Letters to the Editor for March 28, 2103
Published: Thursday, March 28, 2013 at 6:01 a.m.
Last Modified: Wednesday, March 27, 2013 at 2:41 p.m.
David Colburn (Sun, March 24) warns us not to jump on the anti-federal government bandwagon, and reminds us of the federally supported development that was crucial to Florida's development over the past half century.
However, Colburn ignores the critical issue: that the federal government today is a much different organism than those of the past. Encumbered by a massive debt that is larger than the nation's annual income and led by men who want to borrow an additional trillion dollars a year into the foreseeable future, our government today is attempting a financial trick that has been the downfall of every nation that tried it throughout history. That is to create prosperity by borrowing so heavily that it can never be repaid.

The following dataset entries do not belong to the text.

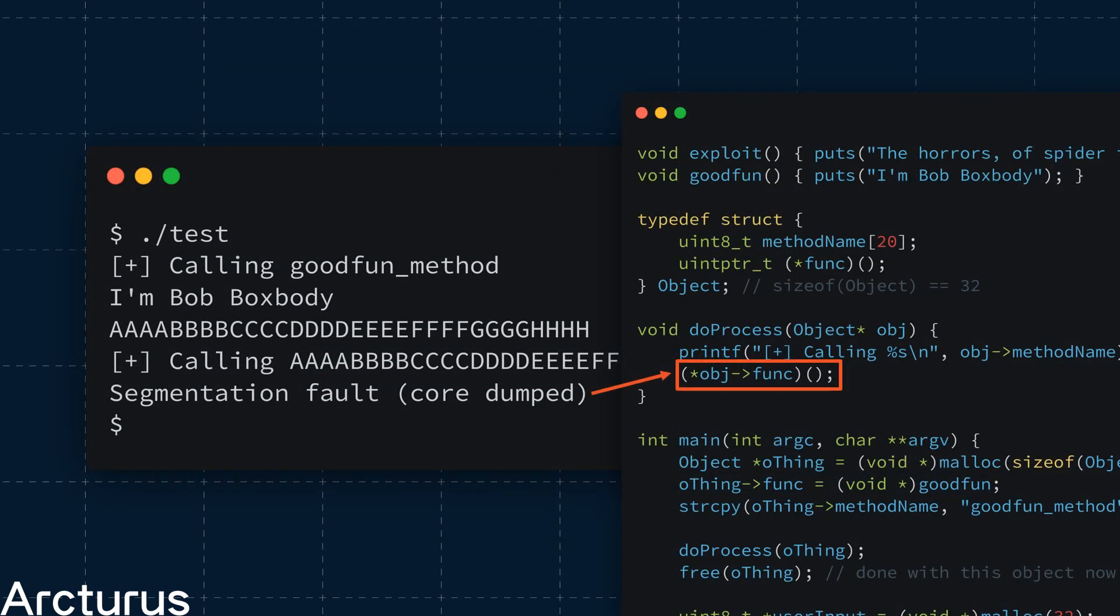Back to our example. If we look back at our program source, we can see that our doProcess function attempts to call a function pointer within the object passed to it. Seeing as, in this case, our user input data is a bunch of ABCs, this causes the program to try and execute the function at address HHH. That's not a real function address. It's not even valid memory. So the process dies.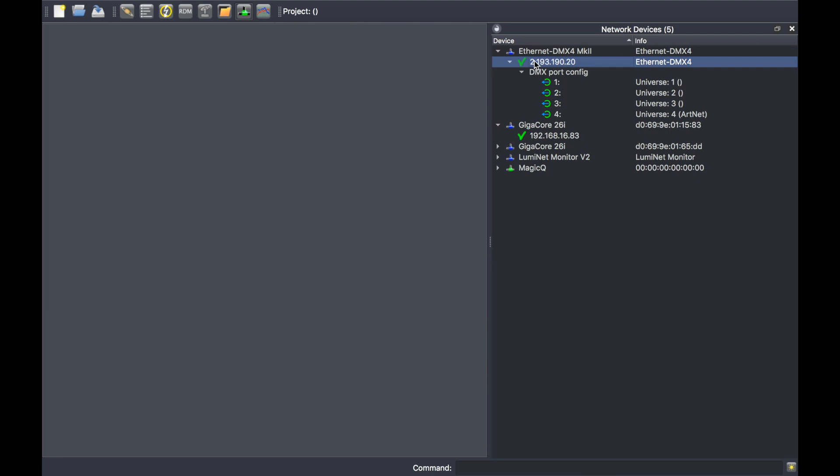You can do exactly the same with firmware by selecting multiple devices at the same time and dragging and dropping the same firmware on all units. This will upgrade all devices at the same time.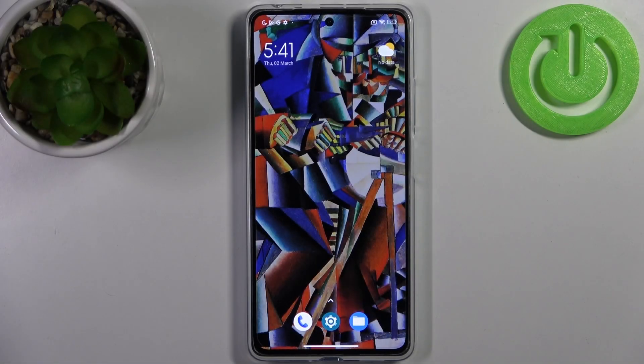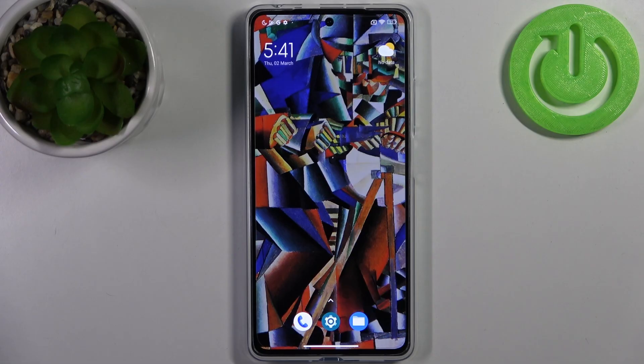Here I have POCO X5 Pro and today I'm going to show you how to change the system language on this device.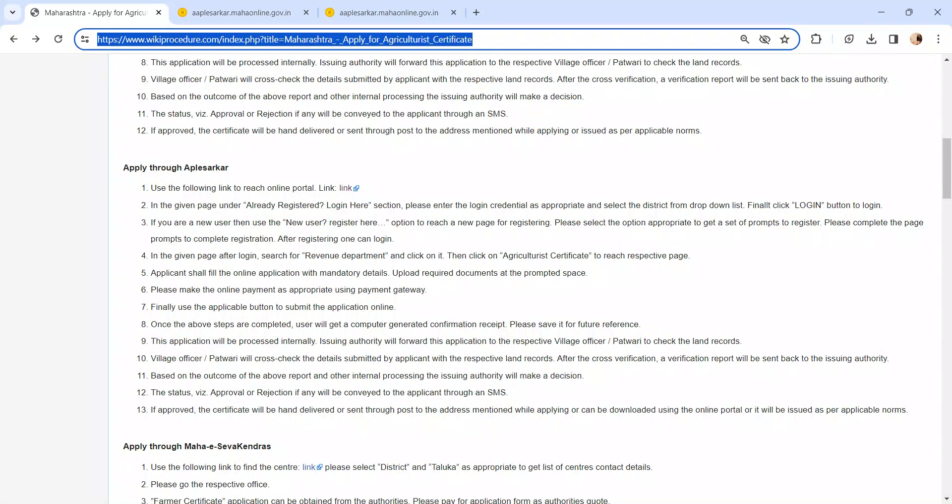After verification, based on the outcome of the report, the issuing authority will make a decision whether to issue this certificate or not. If the application is approved, you can collect the certificate from the department or it will be sent through post to the address mentioned while applying or issued as per applicable norms.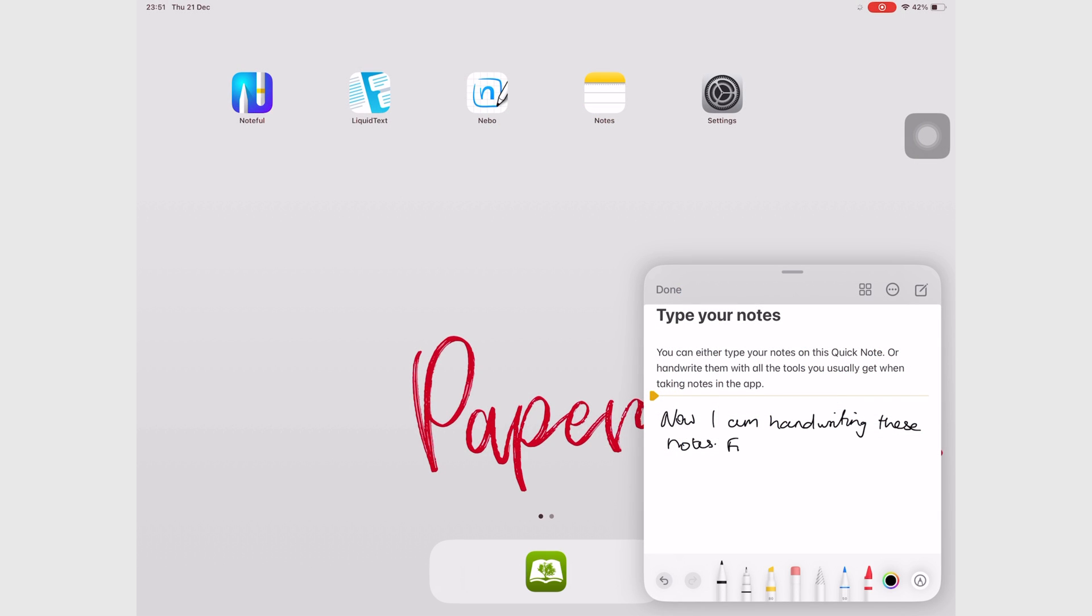And that is all you need to know about Quick Notes for Apple Notes. We hope you guys found this video useful. Give it a thumbs up if you did. Thank you, Fantastic Human, for watching. See you in the next episode.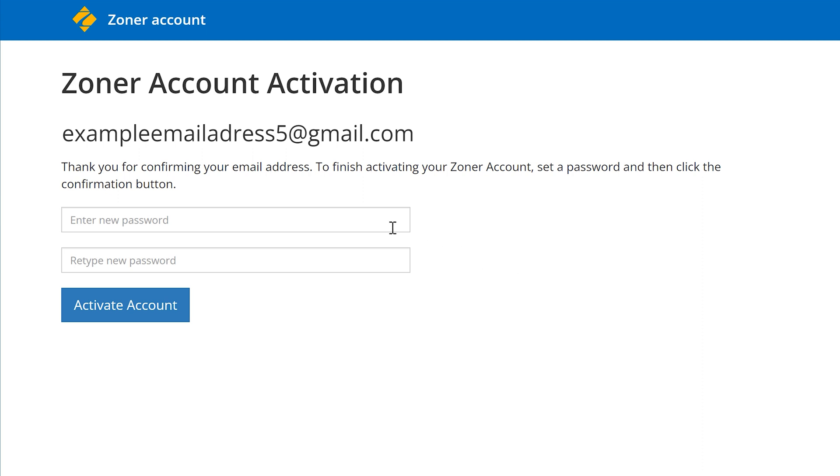Your browser will automatically open a page where you set a brand new password for your Zoner account. Make sure that you remember that password because you're going to need it again to access the program.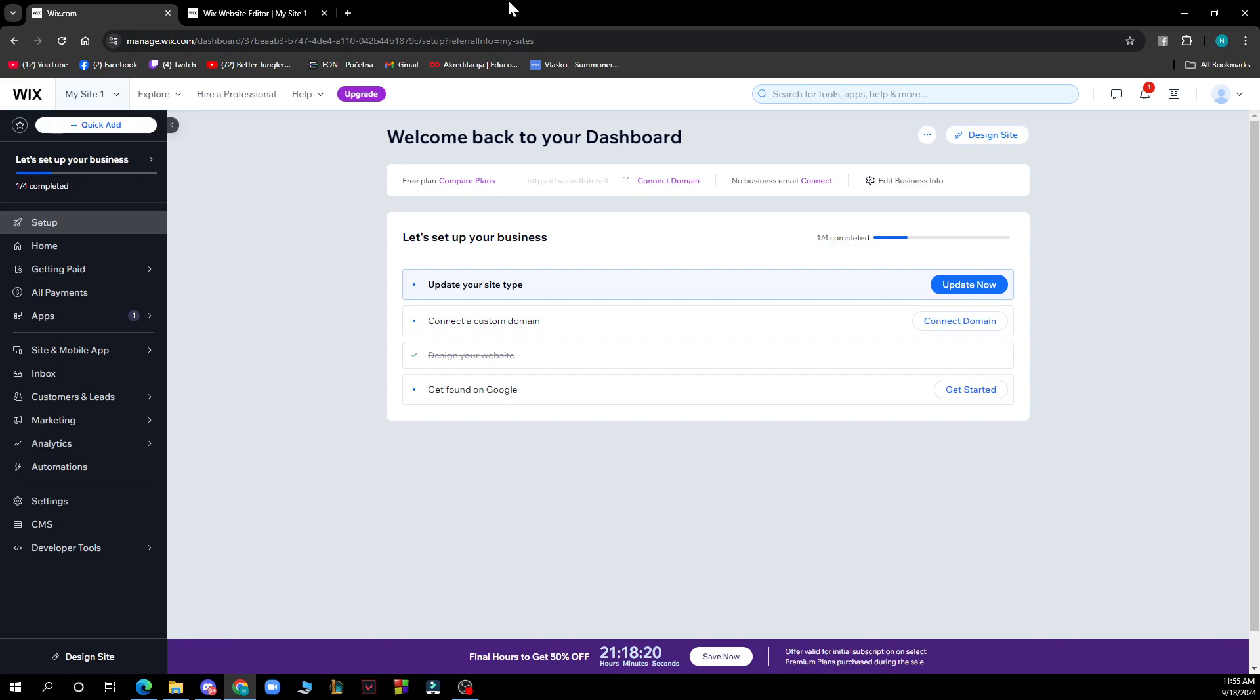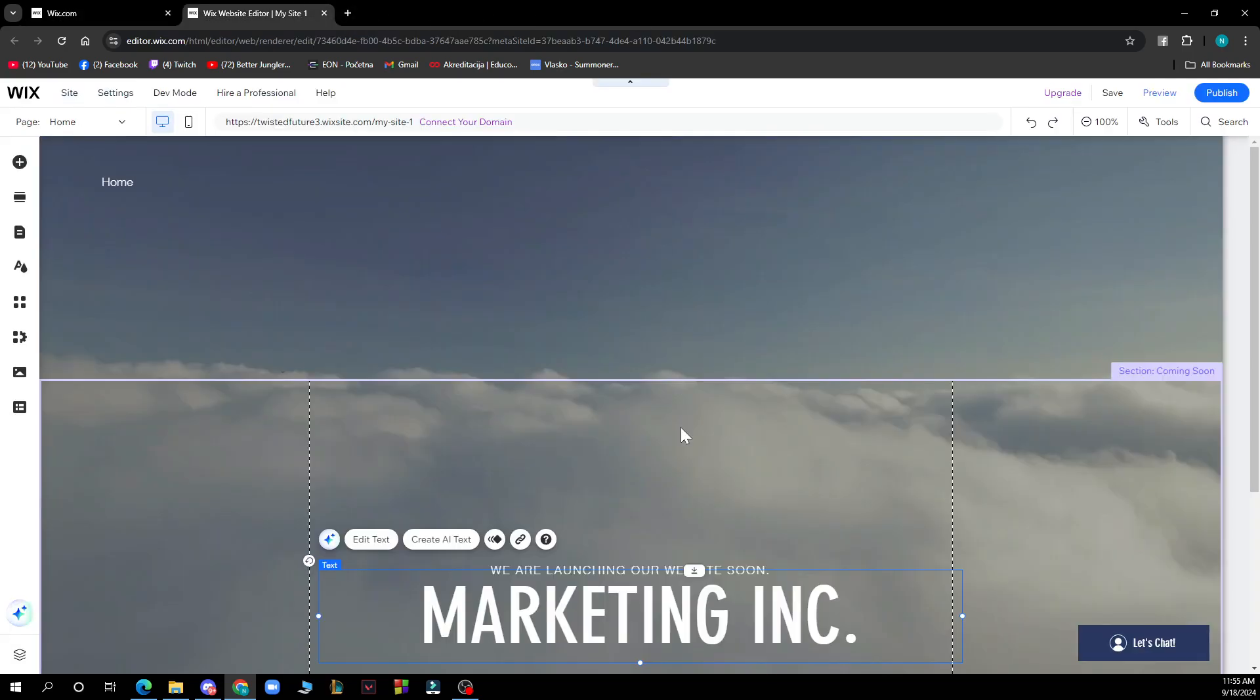When you're in your editor, go to any of these texts and click on the fonts dropdown. Then click upload fonts to upload your own font that you downloaded from the internet or created yourself.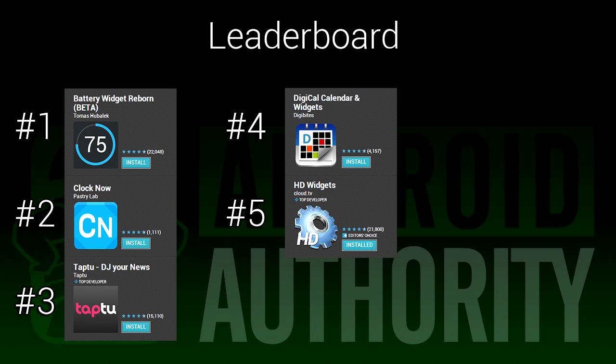To download these apps, you can find links in the video description. This was a difficult list to compile, as it's difficult to gauge the value of a widget.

Pamela Mincey (Sun, March 23) was right to link the new biomass plant's merits to the urgent need to limit climate disruption. An Alachua County commissioner recently mocked the idea of raising utility rates to counter climate change, but the science is clear and overwhelming: slowing climate disruption over the next few decades will cost little compared with the enormous costs of trying to adapt to it and to patch up the widespread damage it causes.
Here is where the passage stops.